Is Your Data Lineage Helping You Make Smart Decisions and Set Priorities?
Today everyone is talking about data lineage, and every possible facet of it: Lineage for your code, your values, your run-time processes, even lineage for your laundry (just kidding). Then there is lineage for regulatory compliance, trust, and for problem resolution or impact analysis. It goes on and on, with the need for lineage across all your data pipelines, lineage for your on-premises solutions, your legacy tools, your shiny new cloud solutions, and the things you are building in-house.
There are methodologies and best practices, as well as automated and descriptive hybrid methods for accomplishing all of it. But I want to talk about how well you are using the lineage you are achieving.
Lineage displays come in lots of flavors. Pretty graphics are common (though beauty is always in the eyes of the beholder), with various shapes and colors galore. Lineage diagrams can become incredibly complex. Like a plate of spaghetti, perfectly prepared lineage can still be difficult to understand and trace. Here at Manta, we concentrate on making lineage easier to consume, with options for colors, filtering, levels of lineage rendering, and also practical alerting and highlighting.

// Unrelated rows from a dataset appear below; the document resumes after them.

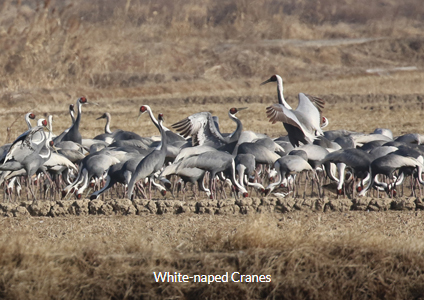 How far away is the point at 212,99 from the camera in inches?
838

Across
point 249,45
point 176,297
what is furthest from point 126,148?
point 249,45

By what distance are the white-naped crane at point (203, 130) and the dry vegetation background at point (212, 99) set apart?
256 cm

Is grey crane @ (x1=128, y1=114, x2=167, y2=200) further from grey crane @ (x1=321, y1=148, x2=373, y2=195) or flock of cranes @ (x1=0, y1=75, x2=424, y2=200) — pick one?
grey crane @ (x1=321, y1=148, x2=373, y2=195)

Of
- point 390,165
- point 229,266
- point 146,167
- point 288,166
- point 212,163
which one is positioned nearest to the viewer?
point 229,266

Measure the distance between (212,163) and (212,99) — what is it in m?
12.8

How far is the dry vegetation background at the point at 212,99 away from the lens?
16.0 ft

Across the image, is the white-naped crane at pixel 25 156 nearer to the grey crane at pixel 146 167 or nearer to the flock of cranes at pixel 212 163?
the flock of cranes at pixel 212 163

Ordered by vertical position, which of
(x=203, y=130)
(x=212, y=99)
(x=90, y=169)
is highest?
(x=203, y=130)

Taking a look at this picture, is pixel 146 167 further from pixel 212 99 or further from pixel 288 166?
pixel 212 99

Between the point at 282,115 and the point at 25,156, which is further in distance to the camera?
the point at 282,115

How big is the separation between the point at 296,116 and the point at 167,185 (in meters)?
→ 2.13

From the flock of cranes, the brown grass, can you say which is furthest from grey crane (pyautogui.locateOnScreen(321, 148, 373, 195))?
the brown grass

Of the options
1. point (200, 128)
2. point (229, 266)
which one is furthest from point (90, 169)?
point (229, 266)

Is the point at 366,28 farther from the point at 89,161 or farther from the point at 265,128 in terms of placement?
the point at 89,161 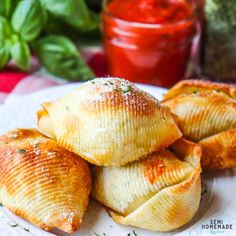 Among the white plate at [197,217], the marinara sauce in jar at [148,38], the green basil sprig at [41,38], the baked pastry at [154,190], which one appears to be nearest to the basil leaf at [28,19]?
the green basil sprig at [41,38]

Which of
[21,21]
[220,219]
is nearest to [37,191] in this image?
[220,219]

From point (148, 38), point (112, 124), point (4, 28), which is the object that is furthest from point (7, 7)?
point (112, 124)

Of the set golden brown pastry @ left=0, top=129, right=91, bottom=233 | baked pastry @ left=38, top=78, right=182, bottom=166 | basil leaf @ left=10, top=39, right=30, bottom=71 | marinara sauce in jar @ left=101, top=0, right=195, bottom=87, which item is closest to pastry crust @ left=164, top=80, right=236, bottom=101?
baked pastry @ left=38, top=78, right=182, bottom=166

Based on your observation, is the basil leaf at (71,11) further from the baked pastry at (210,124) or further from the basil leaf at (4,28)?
the baked pastry at (210,124)

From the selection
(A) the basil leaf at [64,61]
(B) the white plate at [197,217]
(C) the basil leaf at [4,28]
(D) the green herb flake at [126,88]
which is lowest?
(A) the basil leaf at [64,61]

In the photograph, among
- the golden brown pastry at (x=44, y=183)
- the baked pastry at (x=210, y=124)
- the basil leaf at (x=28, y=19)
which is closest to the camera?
the golden brown pastry at (x=44, y=183)

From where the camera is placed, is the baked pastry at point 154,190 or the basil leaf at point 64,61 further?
the basil leaf at point 64,61

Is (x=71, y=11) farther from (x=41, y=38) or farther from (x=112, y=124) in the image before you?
(x=112, y=124)

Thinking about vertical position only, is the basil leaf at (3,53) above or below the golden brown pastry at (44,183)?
below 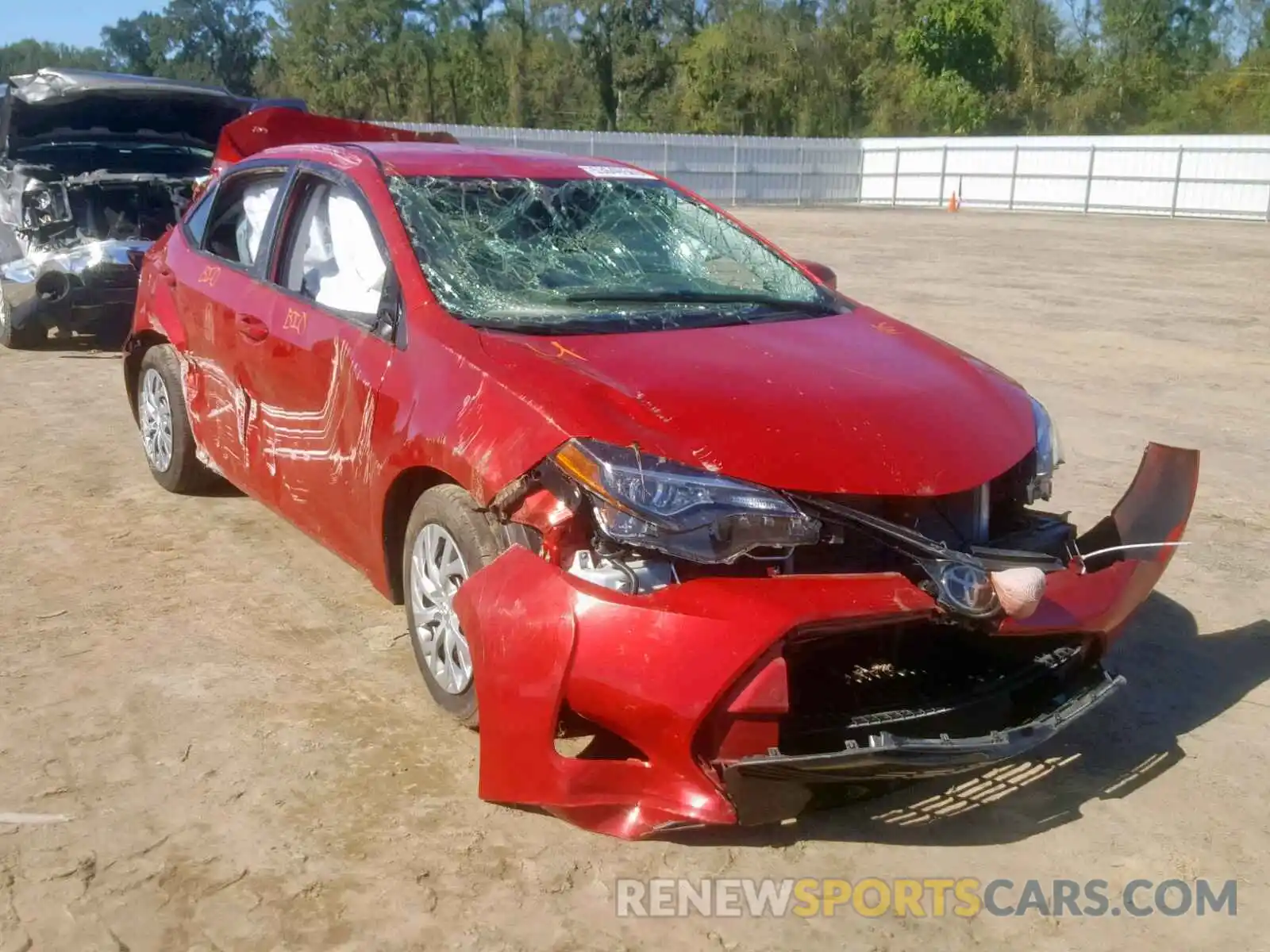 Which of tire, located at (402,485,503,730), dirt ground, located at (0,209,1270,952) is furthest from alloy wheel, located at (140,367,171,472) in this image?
tire, located at (402,485,503,730)

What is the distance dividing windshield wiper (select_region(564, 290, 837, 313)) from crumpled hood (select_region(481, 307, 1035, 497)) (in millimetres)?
300

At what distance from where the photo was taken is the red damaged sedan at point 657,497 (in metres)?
2.81

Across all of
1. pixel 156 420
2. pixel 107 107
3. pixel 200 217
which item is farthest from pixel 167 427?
pixel 107 107

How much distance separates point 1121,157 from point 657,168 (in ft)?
40.3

Imagine a well-documented lineage scenario that, if drawn on a whiteboard, or zoomed to a high level, would cover an entire wall or hallway! Where to begin as you review it? Perhaps you started this lineage journey at a source table, view, or stored procedure, to perform downstream analysis. There are a myriad of flows, hundreds of column mappings, and numerous interlacing pathways. What are you looking for? Are there any guidelines? Any road signs? Manta provides a dynamic highlighting methodology that we call “ActiveTags.”
These are like having bright red “sticky notes” (or choose your color) attached to the lineage that stretches on your wall or hallway, pointing out specific characteristics that demand your attention, or allow you to zero in on one aspect of the lineage — helping you identify just one strand in that plate of spaghetti.
ActiveTags in Manta are out of the box or can be dynamically added based on real-time discoveries from in-house or third-party solutions. One of these is the Manta capability to flag real or significant transformations. Invaluable for typical ETL flows, these are ActiveTags that highlight where serious business rules are being applied, as opposed to just the simple movement of column information from one place to another.
Here we see an ActiveTag (the blue highlight in the context of lineage) that draws attention to a detailed function in SQL:
When looking for “needles in a haystack,” highlighting exactly where these gems of logic are located is a massive time saver. Sites that dynamically apply data quality information to their lineage pipelines can decide which ones need to be addressed NOW and which ones can be reviewed later.
Seeing a newly discovered data quality problem (on an ETL process as an ActiveTag) that leads to a daily list of potentially churning customers probably demands more attention than one in the same set of pipelines that leads to a quarterly revenue summary. This is not unlike deciding to take a detour when your GPS application indicates a major accident on the road ahead. Customers also utilize ActiveTags to pinpoint where privacy data is lurking in the context of their data flows.
ActiveTag details can be introduced to Manta after discovery by third-party profiling tools that crawl through data to identify those places where sensitive data lives. Manta then helps lead you to where it goes.
You and your teams work hard to achieve end-to-end lineage. Make sure you can find what you need as quickly and as easily as possible, to deliver answers to the demanding questions you receive about lineage from across the organization. Your efforts to document lineage details deserve nothing less!